La guerra en Oriente Medio ha dado un giro inesperado tras las recientes declaraciones del presidente de Estados Unidos, Donald Trump. Este martes, el mandatario afirmó que las fuerzas estadounidenses abandonarán la región “muy pronto”, proyectando un plazo de dos a tres semanas para el retiro total, independientemente de si se concreta o no un acuerdo diplomático con el gobierno iraní.

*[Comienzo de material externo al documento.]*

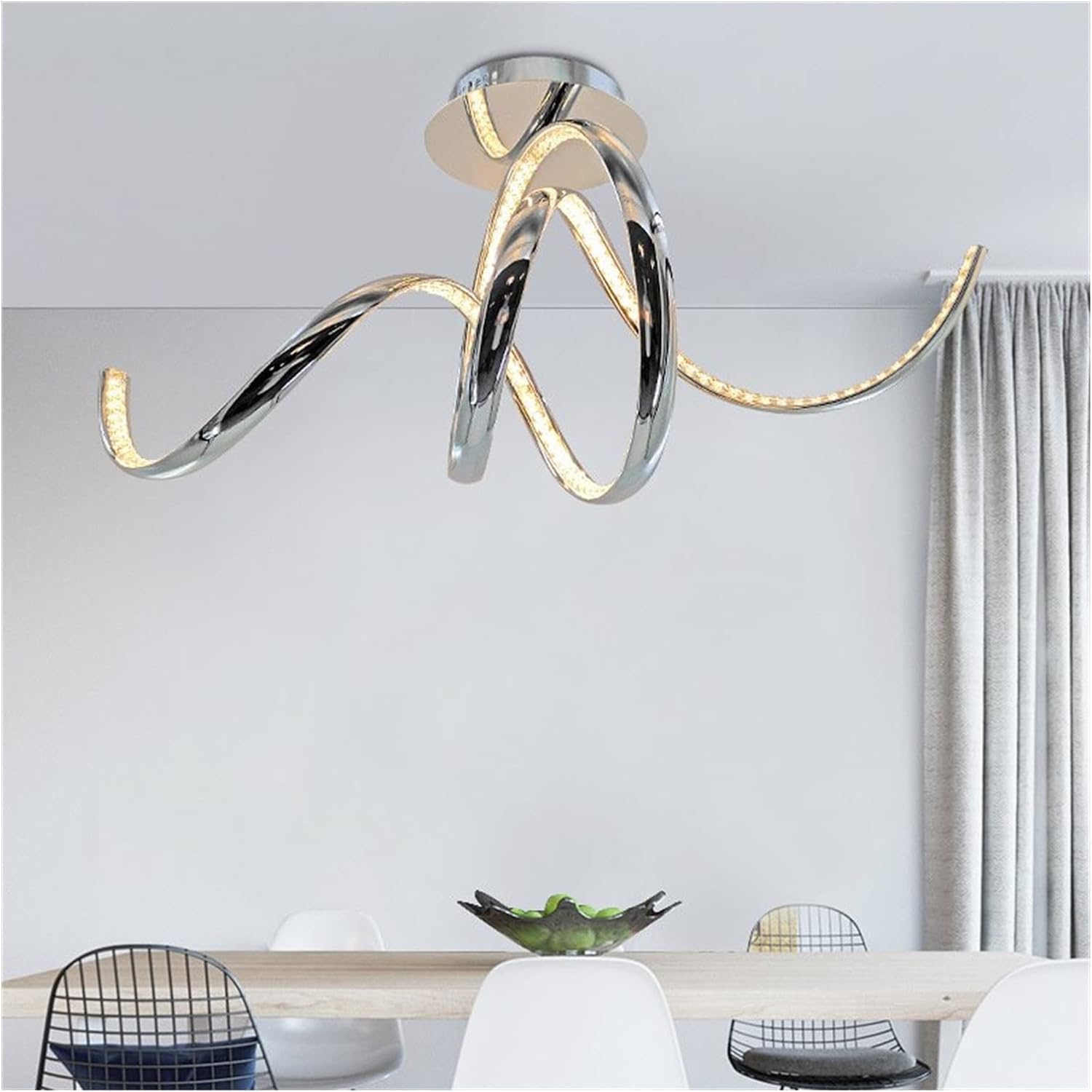 Modern LED Crystal Aluminum Ceiling Lights Led Living Room Kitchen Bedroom Home Lighting Luminaria,Chandelier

Este anuncio marca un cambio drástico en la estrategia de la Casa Blanca, que anteriormente había amenazado con “aniquilar” objetivos estratégicos como la isla de Jark. Ahora, Trump asegura que la prioridad es la salida de las tropas para estabilizar la economía global: “Todo lo que tengo que hacer es irme de Irán, y lo haremos muy pronto, y los precios del petróleo se vendrán abajo”, sentenció el mandatario.
El impacto en el mercado mundial y el petróleo
A pesar de que por el estrecho de Ormuz circula el 20% de la producción mundial de petróleo, Trump calificó el bloqueo de este punto estratégico como un tema ajeno a su administración. “No tenemos nada que ver con eso”, afirmó, dejando de lado las exigencias previas para su reapertura inmediata.
Esta postura contrasta con la intensidad de los combates, que ya cumplen su segundo mes sin señales de desescalada. Mientras el Pentágono califica los próximos días como “decisivos”, el enviado estadounidense Steve Witkoff mantiene canales abiertos, aunque Irán aclara que esto no significa que existan negociaciones formales actualmente.
Israel e Irán: Posturas enfrentadas ante la crisis
Por su parte, el primer ministro de Israel, Benjamin Netanyahu, reafirmó su compromiso de continuar con la ofensiva militar. En un discurso televisado, aseguró que su ejército seguirá “aplastando al régimen terrorista” para reforzar las zonas de seguridad y alcanzar sus objetivos estratégicos.
En respuesta, el presidente iraní, Masud Pezeshkian, estableció condiciones estrictas para cualquier cese al fuego:
- Pago de compensaciones financieras por los daños causados.
- Definición clara de responsabilidades internacionales.
- Cese inmediato de hostilidades en todos los frentes de batalla.
La tensión escaló también hacia el sector tecnológico. Los Guardianes de la Revolución lanzaron una amenaza directa contra empresas como Google, Meta y Apple, acusándolas de espionaje y advirtiendo consecuencias si continúan los ataques contra líderes iraníes.